▸ **About this exercise**: Retype the listing found below exactly, but leave out each picture.

▸ **Collected data**:

★ ★ ★ ★ ★ ★ ★

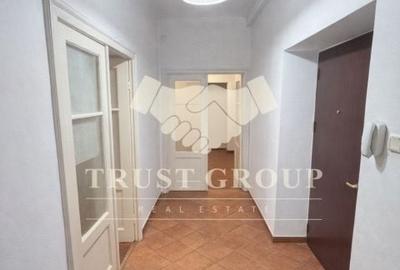 Apartament cu 2 camere decomandat în Domenii
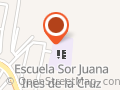 Escuela Normal Particular Sor Juana Inés de la Cruz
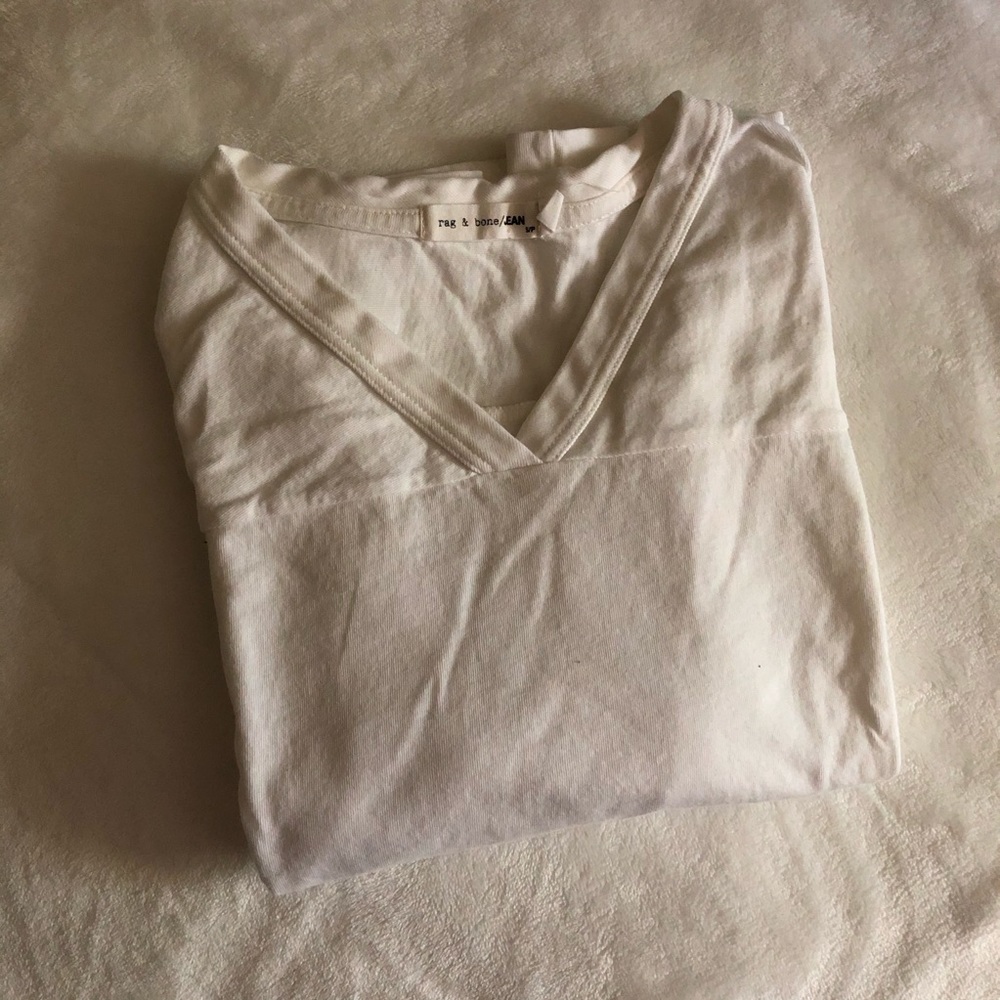 Rag and bone t-shirt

★ ★ ★ ★ ★ ★ ★

▸ **Exercise result**:
 Apartament cu 2 camere decomandat în Domenii
 Escuela Normal Particular Sor Juana Inés de la Cruz
 Rag and bone t-shirt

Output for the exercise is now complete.